START Material shown

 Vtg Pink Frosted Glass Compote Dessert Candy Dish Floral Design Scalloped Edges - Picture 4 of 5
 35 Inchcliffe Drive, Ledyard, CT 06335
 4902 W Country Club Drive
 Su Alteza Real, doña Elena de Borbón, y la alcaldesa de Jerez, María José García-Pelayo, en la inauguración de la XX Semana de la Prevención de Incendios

END Material shown
START Material shown

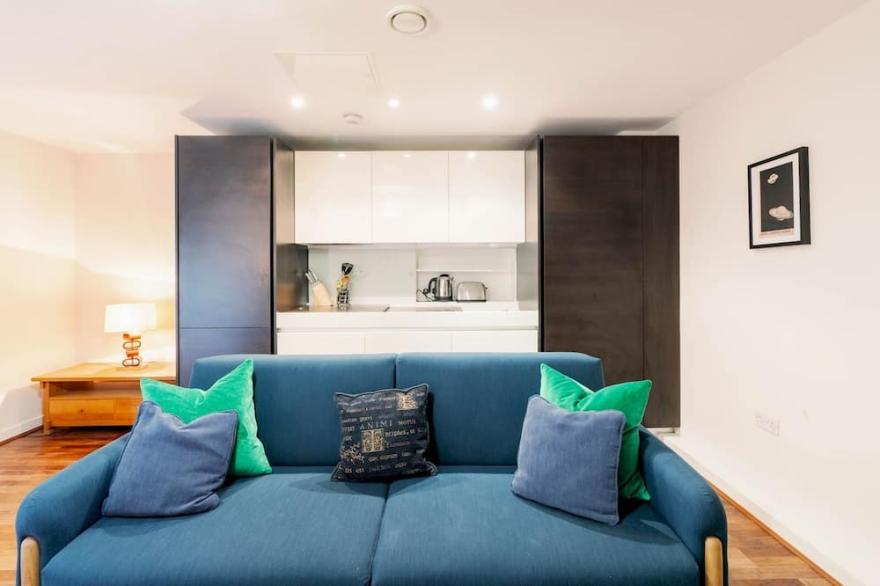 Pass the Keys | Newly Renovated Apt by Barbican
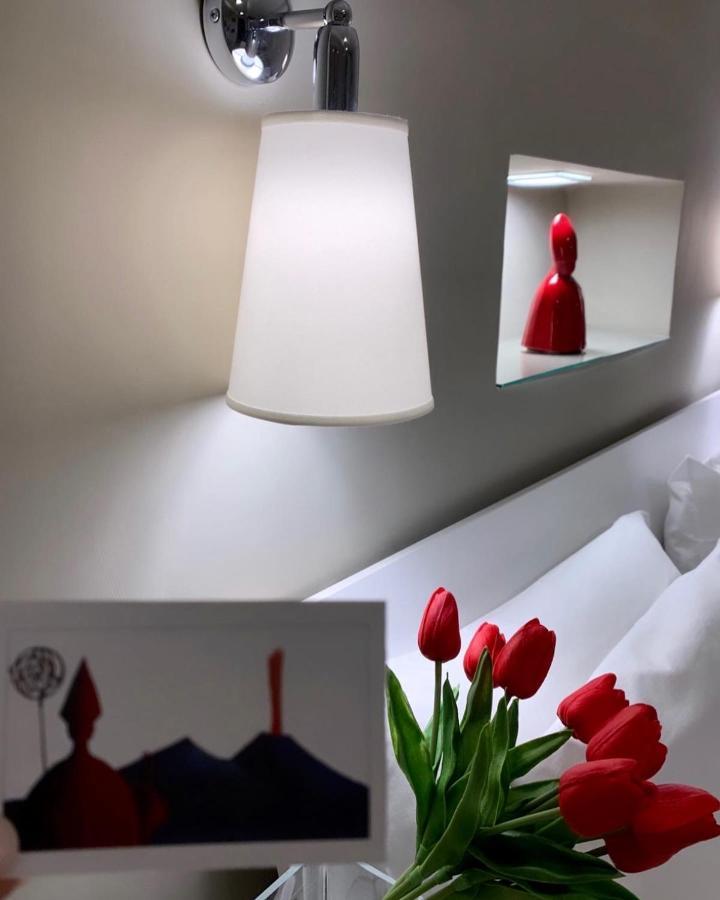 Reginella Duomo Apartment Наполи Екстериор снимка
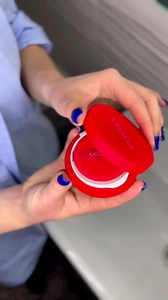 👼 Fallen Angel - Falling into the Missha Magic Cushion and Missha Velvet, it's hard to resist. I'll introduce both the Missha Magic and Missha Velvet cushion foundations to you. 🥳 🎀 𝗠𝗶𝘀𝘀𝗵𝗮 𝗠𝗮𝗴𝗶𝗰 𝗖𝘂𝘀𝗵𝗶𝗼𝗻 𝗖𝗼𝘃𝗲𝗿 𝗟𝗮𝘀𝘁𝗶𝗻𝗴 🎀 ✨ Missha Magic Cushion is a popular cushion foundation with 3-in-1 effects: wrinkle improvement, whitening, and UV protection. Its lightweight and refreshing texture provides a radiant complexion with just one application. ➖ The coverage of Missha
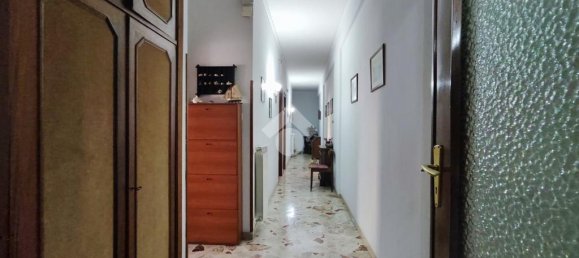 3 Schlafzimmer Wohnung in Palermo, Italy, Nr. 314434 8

END Material shown

Your instructions: Leaving each picture behind, please give again exactly the lines above from the one with "Pass the Keys" through the one with "Reginella Duomo Apartment", both included, and no others.

Solution for this exercise:
 Pass the Keys | Newly Renovated Apt by Barbican
 Reginella Duomo Apartment Наполи Екстериор снимка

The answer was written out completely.